▶ **Task to complete**:
Only lines with the word "Blue" are wanted; copy each of them from the listing below.

▶ **Data listing**:
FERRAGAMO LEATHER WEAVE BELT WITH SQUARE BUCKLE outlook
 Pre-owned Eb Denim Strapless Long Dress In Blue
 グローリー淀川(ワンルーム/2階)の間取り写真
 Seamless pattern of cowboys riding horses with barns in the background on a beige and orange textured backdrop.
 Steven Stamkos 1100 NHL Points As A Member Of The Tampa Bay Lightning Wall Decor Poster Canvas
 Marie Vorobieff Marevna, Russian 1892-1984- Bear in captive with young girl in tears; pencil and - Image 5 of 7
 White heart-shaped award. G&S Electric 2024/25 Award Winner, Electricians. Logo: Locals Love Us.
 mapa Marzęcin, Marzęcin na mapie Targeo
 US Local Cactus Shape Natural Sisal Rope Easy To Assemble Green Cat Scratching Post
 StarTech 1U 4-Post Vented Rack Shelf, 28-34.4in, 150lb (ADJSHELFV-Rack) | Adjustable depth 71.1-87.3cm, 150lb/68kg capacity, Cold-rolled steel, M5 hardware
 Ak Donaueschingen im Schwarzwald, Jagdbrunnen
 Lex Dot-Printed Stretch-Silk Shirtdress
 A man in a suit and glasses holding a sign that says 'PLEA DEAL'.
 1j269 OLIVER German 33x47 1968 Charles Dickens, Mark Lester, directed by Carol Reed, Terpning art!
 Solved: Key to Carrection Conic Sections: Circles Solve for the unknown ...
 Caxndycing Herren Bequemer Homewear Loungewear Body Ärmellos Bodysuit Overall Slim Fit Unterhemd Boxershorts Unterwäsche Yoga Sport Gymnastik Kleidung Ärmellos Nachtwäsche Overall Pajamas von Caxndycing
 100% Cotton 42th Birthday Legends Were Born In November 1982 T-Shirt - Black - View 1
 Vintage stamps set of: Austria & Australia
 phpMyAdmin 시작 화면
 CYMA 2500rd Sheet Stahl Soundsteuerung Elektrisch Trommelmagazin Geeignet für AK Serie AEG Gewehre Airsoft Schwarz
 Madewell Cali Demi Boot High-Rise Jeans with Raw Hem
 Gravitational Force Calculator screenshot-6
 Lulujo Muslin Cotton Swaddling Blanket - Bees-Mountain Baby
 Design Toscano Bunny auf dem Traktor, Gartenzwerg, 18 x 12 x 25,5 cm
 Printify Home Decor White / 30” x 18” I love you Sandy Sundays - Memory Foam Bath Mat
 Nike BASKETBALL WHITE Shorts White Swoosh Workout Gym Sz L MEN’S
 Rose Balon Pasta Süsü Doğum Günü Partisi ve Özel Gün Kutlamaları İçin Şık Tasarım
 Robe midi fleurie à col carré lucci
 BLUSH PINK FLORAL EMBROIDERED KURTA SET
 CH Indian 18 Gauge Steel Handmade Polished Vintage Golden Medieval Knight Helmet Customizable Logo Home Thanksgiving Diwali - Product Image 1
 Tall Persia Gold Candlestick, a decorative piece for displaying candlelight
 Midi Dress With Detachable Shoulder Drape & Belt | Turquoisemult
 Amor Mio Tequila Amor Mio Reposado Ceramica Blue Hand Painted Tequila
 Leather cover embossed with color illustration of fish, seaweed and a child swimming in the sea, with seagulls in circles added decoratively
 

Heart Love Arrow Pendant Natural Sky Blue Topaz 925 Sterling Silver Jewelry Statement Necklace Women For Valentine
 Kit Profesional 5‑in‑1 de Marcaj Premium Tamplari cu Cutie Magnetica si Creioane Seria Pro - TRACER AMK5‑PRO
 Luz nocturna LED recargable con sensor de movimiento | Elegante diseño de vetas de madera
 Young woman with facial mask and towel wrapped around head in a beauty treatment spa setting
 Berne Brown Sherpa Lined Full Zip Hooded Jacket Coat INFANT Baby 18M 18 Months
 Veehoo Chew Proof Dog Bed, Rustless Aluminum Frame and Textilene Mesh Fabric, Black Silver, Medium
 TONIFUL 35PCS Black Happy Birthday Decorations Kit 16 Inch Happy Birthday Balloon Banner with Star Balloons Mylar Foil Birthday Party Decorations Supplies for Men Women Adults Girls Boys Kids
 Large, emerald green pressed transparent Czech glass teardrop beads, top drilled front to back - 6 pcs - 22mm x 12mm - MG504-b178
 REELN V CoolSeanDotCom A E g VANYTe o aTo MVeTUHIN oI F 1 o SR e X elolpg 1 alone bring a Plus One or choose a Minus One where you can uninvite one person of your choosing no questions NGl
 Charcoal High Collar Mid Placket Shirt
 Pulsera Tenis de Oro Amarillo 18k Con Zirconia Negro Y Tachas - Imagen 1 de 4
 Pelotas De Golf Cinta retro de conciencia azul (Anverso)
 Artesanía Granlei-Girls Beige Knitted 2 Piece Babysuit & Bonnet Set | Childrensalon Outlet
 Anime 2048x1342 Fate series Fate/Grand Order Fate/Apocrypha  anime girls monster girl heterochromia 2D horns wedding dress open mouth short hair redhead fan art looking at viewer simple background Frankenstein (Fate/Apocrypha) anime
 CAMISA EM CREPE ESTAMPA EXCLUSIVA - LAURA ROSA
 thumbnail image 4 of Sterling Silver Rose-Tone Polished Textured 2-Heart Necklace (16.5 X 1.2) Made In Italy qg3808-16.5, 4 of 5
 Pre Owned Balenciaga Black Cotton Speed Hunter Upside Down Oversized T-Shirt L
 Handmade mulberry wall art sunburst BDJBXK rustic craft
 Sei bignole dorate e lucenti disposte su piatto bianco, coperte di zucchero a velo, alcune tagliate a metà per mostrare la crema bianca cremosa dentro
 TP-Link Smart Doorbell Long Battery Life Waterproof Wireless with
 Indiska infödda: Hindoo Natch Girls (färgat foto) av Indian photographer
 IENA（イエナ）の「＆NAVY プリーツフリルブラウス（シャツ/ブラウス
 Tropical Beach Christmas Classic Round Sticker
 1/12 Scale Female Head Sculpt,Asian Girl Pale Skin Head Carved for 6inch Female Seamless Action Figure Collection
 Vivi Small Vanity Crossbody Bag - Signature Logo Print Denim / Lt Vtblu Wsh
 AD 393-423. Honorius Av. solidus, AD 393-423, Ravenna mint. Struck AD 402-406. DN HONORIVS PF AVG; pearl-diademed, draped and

▶ **Response for this exercise**:
 Pre-owned Eb Denim Strapless Long Dress In Blue
 Amor Mio Tequila Amor Mio Reposado Ceramica Blue Hand Painted Tequila
Heart Love Arrow Pendant Natural Sky Blue Topaz 925 Sterling Silver Jewelry Statement Necklace Women For Valentine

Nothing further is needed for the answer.